Give again, word for word, the line holding "BertaBerty online show" and every line after it through the end of the data below. Omit pictures.

------ PROVIDED DATA

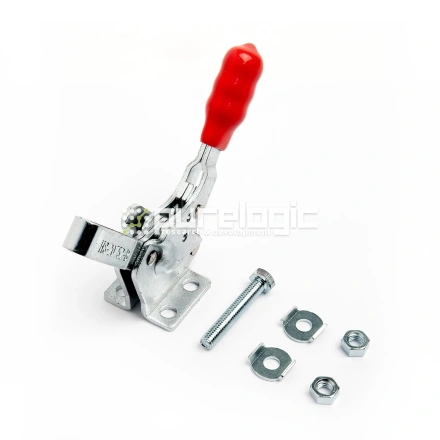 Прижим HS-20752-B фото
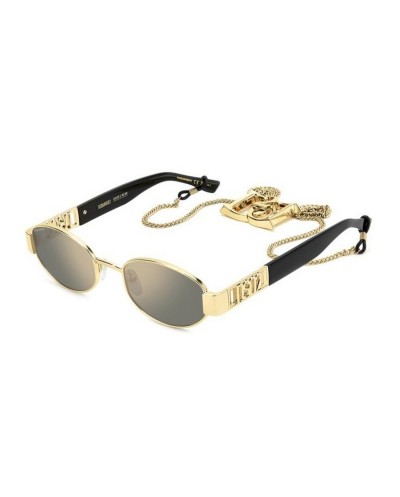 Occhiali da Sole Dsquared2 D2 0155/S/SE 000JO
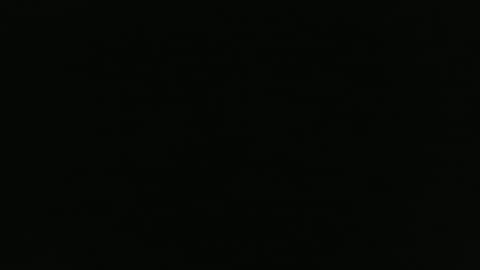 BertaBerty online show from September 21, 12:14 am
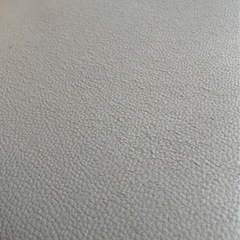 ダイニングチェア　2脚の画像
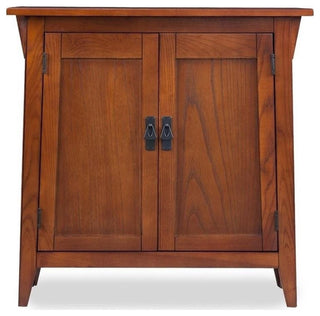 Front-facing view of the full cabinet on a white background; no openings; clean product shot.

------------

## [SOLUTION BELOW]
 BertaBerty online show from September 21, 12:14 am
 ダイニングチェア　2脚の画像
 Front-facing view of the full cabinet on a white background; no openings; clean product shot.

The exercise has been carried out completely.